It also got more semantically convoluted. At some points I was blogging about BLOG on BLOG. That was pretty interesting to me, and I was gratified that at least one writer picked up on how absurdly recursive it was.
Sean: Is [the idea of BLOG] still interesting [to you]?
Tom: I would do it again, in the right venue. To some extent the piece could not be done again the same way, though. Shortly after the end of it I stopped posting at http://www.digitalmediatree.com/tommoody, which was my blog from 2001 to 2007, and which had comments, and moved to a commentless Word Press blog at https://tommoody.us, where I've been working since. I really can't say how much of that was a reaction to the intensity of doing BLOG. It was draining, both creatively, and in terms of the load of moderating comment threads, which were active during the show.
Sean: I remember the transition. There was a time when I was being reactionary and I hated weblogs. But then I became a fan of yours because it had active comments and the discussions were often pretty thoughtful. I even participated in a few of the discussions under a generic screenname (yes spd! really to foreground ideas instead of who was writing). When you moved to no comments I was a little disappointed, but I think you made an observation that has grown on me: it's a lot of work to deal with spam; and discussion operates on the Internet across sites, without necessarily needing a "comments" section.

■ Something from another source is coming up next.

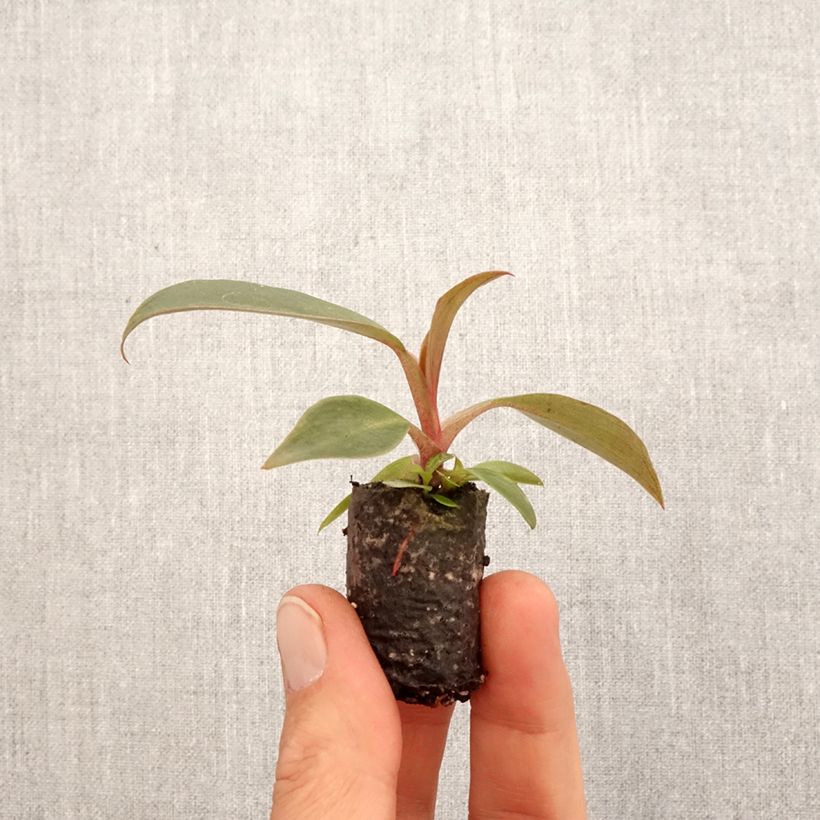 Exemplaar van Philodendron Royal Queen Mini-kamerplanten zoals geleverd in de lente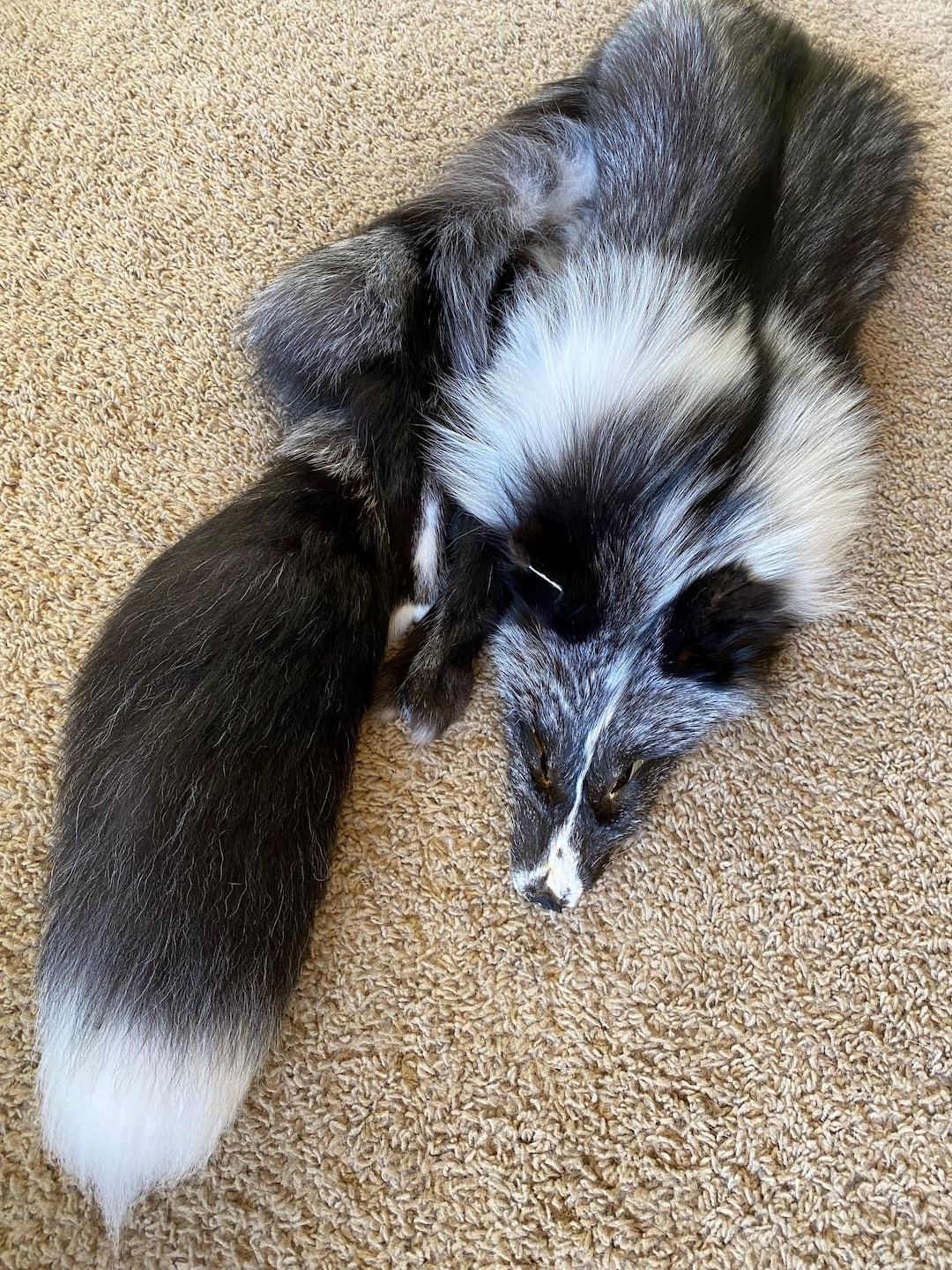 GOLD 5 White Mark / Platinum Fox Pelt Skin Fur Fresh Tanned TOP Quality ...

Could you elaborate on that (or correct me if I'm wrong)?
Tom: Comments impose a power relationship: bloggers can edit and take their time but commenters generally can't. People assume the blogger is deleting comments s/he doesn't like (I only did it with abusive/obviously psychopathic statements I didn't feel I had an obligation to host--but was amazed from some recent Rhizome discussions to read that people think moderators delete comments willy-nilly. If I had done that I would have no commenters.)
My current mindset is, since blogs are easy to get and run, a good way to have a conversation is with hyperlinks between blog posts where everyone can produce with a "home court advantage." This isn't very spontaneous but better for the kind of writing/thinking I'm most interested in. The conversations can also be visual: e.g., mixing and remixing others' GIFs. Or musical. This is happening, it's not entirely a wish.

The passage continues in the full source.